Meanwhile Lass was further confused and angered when he heard Miles was on his way to Caisley's court, asking for an early release of the strikers. In the courtroom an odd spectacle played out as the Town asked to release the jailed fire fighters, while the fire fighters' attorney, Berry, argued that they stay in jail. Lass and Berry feared that early release would find the strikers converging on the strikebreakers, giving the Town an excuse to arrest them for disorderly conduct or assault and then fire them. Caisley reiterated his original sentence: release after 42 days, a signed contract, or individual affidavits. The strikers stayed in jail.
A crowd of unionists, students and fire fighter families gathered outside station two that afternoon. When city manager Anderson visited the strikebreakers, Lass tried to provoke a fight with him, butting him in the stomach and shouting, "Come on! You want violence! I'll fight you here and now!" Anderson ignored him and Lass finally realized that violence is what the Town wanted. The media was allowed to interview the "eagles" that afternoon and John Penn of the Laborers, using a Labor Press card, joined the group. In dialoguing with the "eagles" Penn ascertained that they were recent fire school graduates, some from Colorado. They didn't know about the jailing and fire fighters still on duty. They were told Normal was recovering from a disastrous strike where fire protection was refused and the strikers refused to return to work. Eagle 9-11 was not incorporated in Illinois, but traced to Laurel, Maryland, headed by the former DeKalb, Illinois fire chief.

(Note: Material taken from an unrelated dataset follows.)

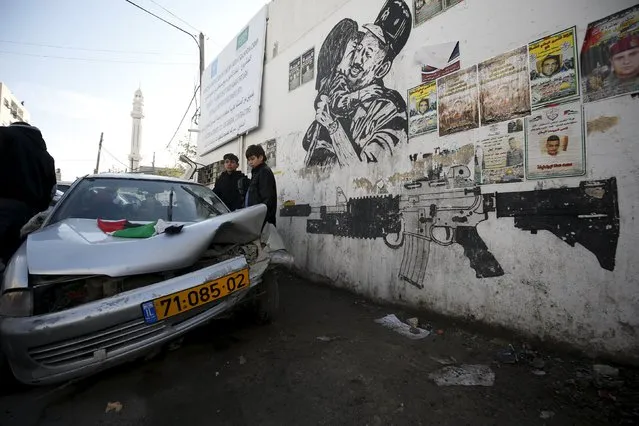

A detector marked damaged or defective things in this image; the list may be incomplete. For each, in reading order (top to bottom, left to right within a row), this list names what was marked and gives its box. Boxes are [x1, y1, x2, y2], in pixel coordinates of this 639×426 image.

damaged silver car [0, 173, 292, 386]
crumpled car hood [26, 206, 268, 278]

All night long rocks and pebbles bounced off the walls and roofs of station two, along with shouted chants and threats. Supper was hard to cook, as the gas was turned off, soon followed by a cut cable TV line. Bloomington fire fighters used their mutual aid agreement radio to talk with the "eagles." "Are you guys from Colorado?" "Yes," would come the reply. "You know, they used to hang scabs in Colorado." Ron Ratcliffe, on duty that night, called hourly, reminding the strikebreakers how many hours until he was off duty and would "pay them a visit." Squad cars zoomed by all night but none stopped.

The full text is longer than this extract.